3) Cassandra restarted with new configuration (new data/cache/commit dirs, new partitioner)
4) Keyspace re-created
5) json2sstable fails after several minutes of processing:
Exception in thread "main" java.lang.OutOfMemoryError: Java heap space
at java.util.Arrays.copyOfRange(Arrays.java:2694)
at java.lang.String.<init>(String.java:203)
at org.codehaus.jackson.util.TextBuffer.contentsAsString(TextBuffer.java:350)
at org.codehaus.jackson.impl.Utf8StreamParser.getText(Utf8StreamParser.java:278)
at org.codehaus.jackson.map.deser.std.UntypedObjectDeserializer.deserialize(UntypedObjectDeserializer.java:59)
at org.codehaus.jackson.map.deser.std.UntypedObjectDeserializer.mapArray(UntypedObjectDeserializer.java:165)
at org.codehaus.jackson.map.deser.std.UntypedObjectDeserializer.deserialize(UntypedObjectDeserializer.java:51)
at org.codehaus.jackson.map.deser.std.UntypedObjectDeserializer.mapArray(UntypedObjectDeserializer.java:165)
at org.codehaus.jackson.map.deser.std.UntypedObjectDeserializer.deserialize(UntypedObjectDeserializer.java:51)
at org.codehaus.jackson.map.deser.std.UntypedObjectDeserializer.mapObject(UntypedObjectDeserializer.java:204)
at org.codehaus.jackson.map.deser.std.UntypedObjectDeserializer.deserialize(UntypedObjectDeserializer.java:47)
at org.codehaus.jackson.map.deser.std.ObjectArrayDeserializer.deserialize(ObjectArrayDeserializer.java:104)
at org.codehaus.jackson.map.deser.std.ObjectArrayDeserializer.deserialize(ObjectArrayDeserializer.java:18)
at org.codehaus.jackson.map.ObjectMapper._readValue(ObjectMapper.java:2695)
at org.codehaus.jackson.map.ObjectMapper.readValue(ObjectMapper.java:1294)
at org.codehaus.jackson.JsonParser.readValueAs(JsonParser.java:1368)
at org.apache.cassandra.tools.SSTableImport.importUnsorted(SSTableImport.java:344)
at org.apache.cassandra.tools.SSTableImport.importJson(SSTableImport.java:328)
at org.apache.cassandra.tools.SSTableImport.main(SSTableImport.java:547)

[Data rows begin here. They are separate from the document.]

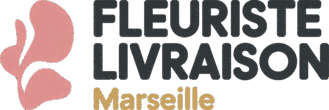 Fleuriste Livraison Marseille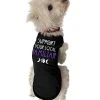 Spirit Halloween Familiar Pet T Shirt -HALLOWEEN COSTUMES Sales Store 01579291 a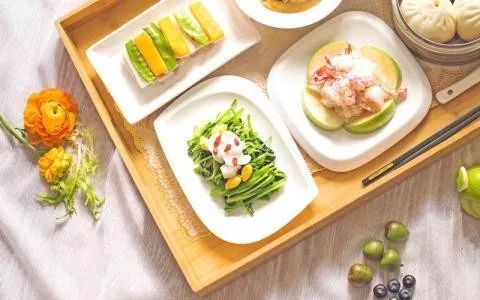 如何预防手足口病?除了清淡饮食还要做到这些!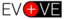 SmallEvLogo.png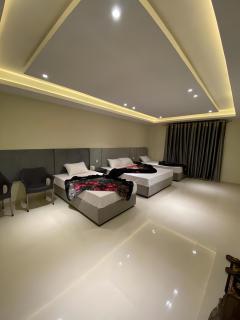 7 Creek Hotel Naran - Naran - 6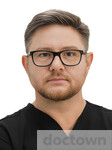Гайворонский Иван Валентинович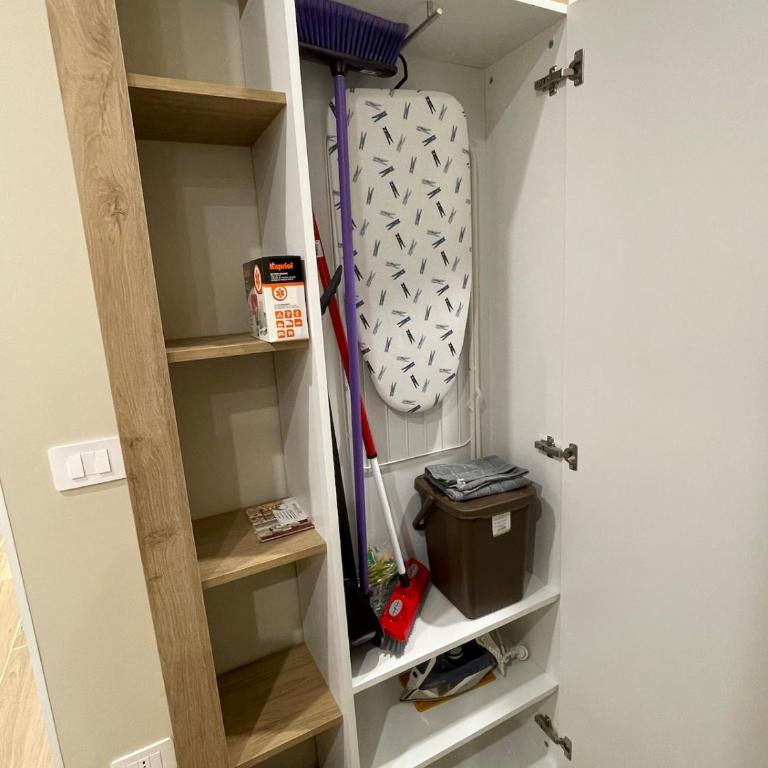 SAINT PETER home and holiday apartment - Appartamento con 3 Camere da Letto - 39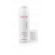 Becos superbody fluido glutei e seno 150ml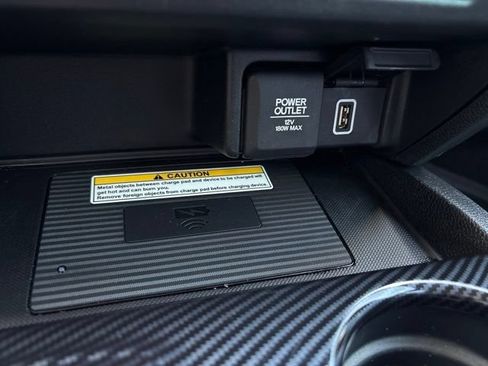 Used 2022 Honda Pilot Special Edition image 22
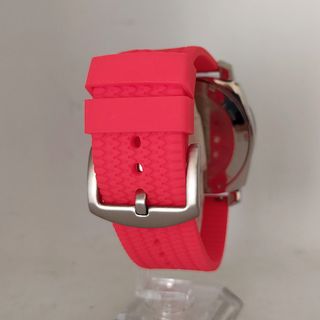 Reloj Fossil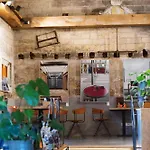 Château St. Gerlach 5*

From json2sstable source code, the tool loads all the records from json file into memory and sorts records by keys:
private int importUnsorted(String jsonFile, ColumnFamily columnFamily, String ssTablePath, IPartitioner<?> partitioner) throws IOException
{
int importedKeys = 0;
long start = System.currentTimeMillis();
JsonParser parser = getParser(jsonFile);
Object[] data = parser.readValueAs(new TypeReference<Object[]>(){});
keyCountToImport = (keyCountToImport == null) ? data.length : keyCountToImport;
SSTableWriter writer = new SSTableWriter(ssTablePath, keyCountToImport);
System.out.printf("Importing %s keys...%n", keyCountToImport);
// sort by dk representation, but hold onto the hex version
SortedMap<DecoratedKey,Map<?, ?>> decoratedKeys = new TreeMap<DecoratedKey,Map<?, ?>>();
for (Object row : data)
{
Map<?,?> rowAsMap = (Map<?, ?>)row;
decoratedKeys.put(partitioner.decorateKey( hexToBytes((String)rowAsMap.get("key"))), rowAsMap);
....
According to Jonathan Elis' comment in CASSANDRA-2322 issue the behavior is by design.
Thus json2sstable is not very well suited for importing production size data to Cassandra. The tool is likely to crash on large datasets.